De même, le DPP et les avocats de la Couronne qui travaillent pour le DPP ont souvent besoin de consulter des représentants des ministères et organismes, qui peuvent disposer de renseignements ou d’une expertise susceptibles d’aider le DPP à déterminer s’il est dans l’intérêt public d’intenter une poursuite dans une affaire. La consultation assure aux avocats de la Couronne d’avoir accès à un large éventail de points de vue et d’information, ce qui leur permet de prendre leurs décisions en toute connaissance de cause. Cependant, étant donné l’indépendance du processus de poursuite, les ministères, même ceux qui disposent de pouvoirs d’enquête, ne peuvent pas dicter de marche à suivre particulière au DPP. Le Bureau du DPP a fourni des lignes directrices à ses procureurs quant au déroulement de ce genre de consultations.

Le directeur des poursuites pénales agit à titre de sous procureur général du Canada lorsqu’il engage et mène des poursuites fédérales au nom du procureur général. En vertu de la Loi sur le directeur des poursuites pénales, le directeur des poursuites pénales doit informer le procureur général de toutes questions d’intérêt général importantes que peuvent soulever certains dossiers.

Selon la Loi, le procureur général a le pouvoir d’émettre des directives générales ou propres à une poursuite au directeur. Lorsqu’une directive est émise, elle est publiée dans la Gazette du Canada et accessible publiquement à tous les Canadiens. En outre, l’émission d’une directive générale doit être précédée d’une consultation avec le directeur.

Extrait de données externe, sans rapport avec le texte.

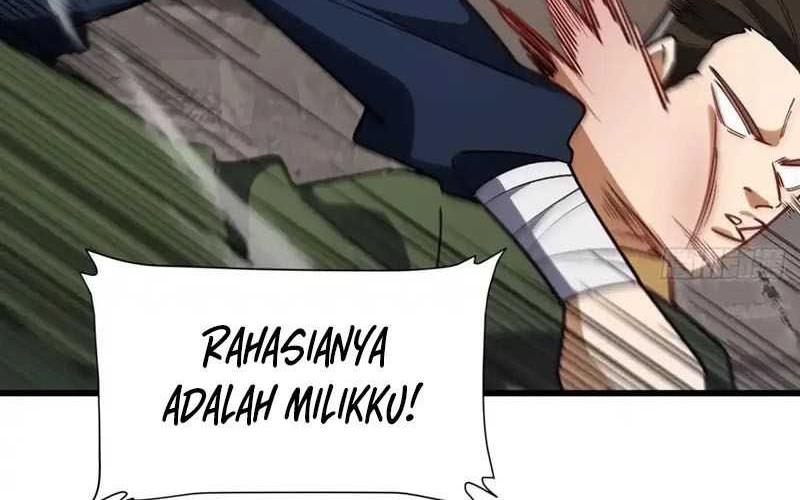 Scoring the Sacred Body of the Ancients from the Get-go Chapter 45 Gambar 46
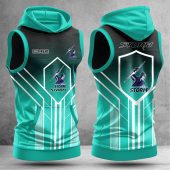 Auspiritmerch Melbourne Storm Hooded Tank Top Gift For Fans Un1ev.jpeg - demo10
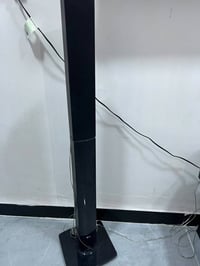 سماعات LG الصوت مالتهن كلش قوي ونقاوة الصوت ما شاء الله كلش قوية 6 قطع...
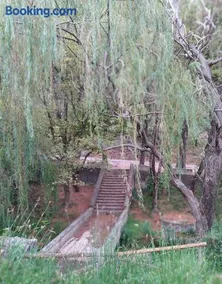 LA CRUZ DE LA ATALAYA - Image 2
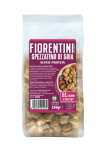 DELIZIE DI SOIA - SPEZZATINO DI SOIA - 250G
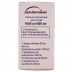 Сульбактомакс порошок для розчину для ін'єкцій по 1000 мг/500 мг, 20 мл
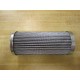 Glenn Bennett 29-524-0092 Filter  CUL-12064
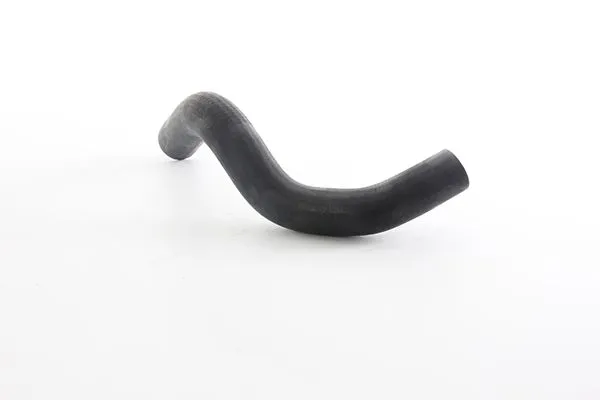 Blok Su Manifold Hortumu (Arka Çeker) Transit V-363 Bm 11-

Selon la Loi, le procureur général peut aussi, après avoir consulté le directeur des poursuites pénales, prendre en charge la conduite d’une poursuite. Cela se fait également par un processus transparent dans le cadre duquel le procureur général doit publier dans la Gazette du Canada un avis de l’intention de prendre en charge la conduite d’une poursuite. De plus, dans une poursuite pénale, le procureur général peut, sur avis au directeur, intervenir en ce qui touche des questions d’intérêt public, comme la constitutionnalité de la législation.

En vertu de la Loi sur le directeur des poursuites pénales, le pouvoir du procureur général à diriger ou assumer la conduite d’une poursuite ne serait exercé que dans des cas exceptionnels. La publication des avis publics assure la transparence ainsi que la responsabilité du procureur général dans ses décisions.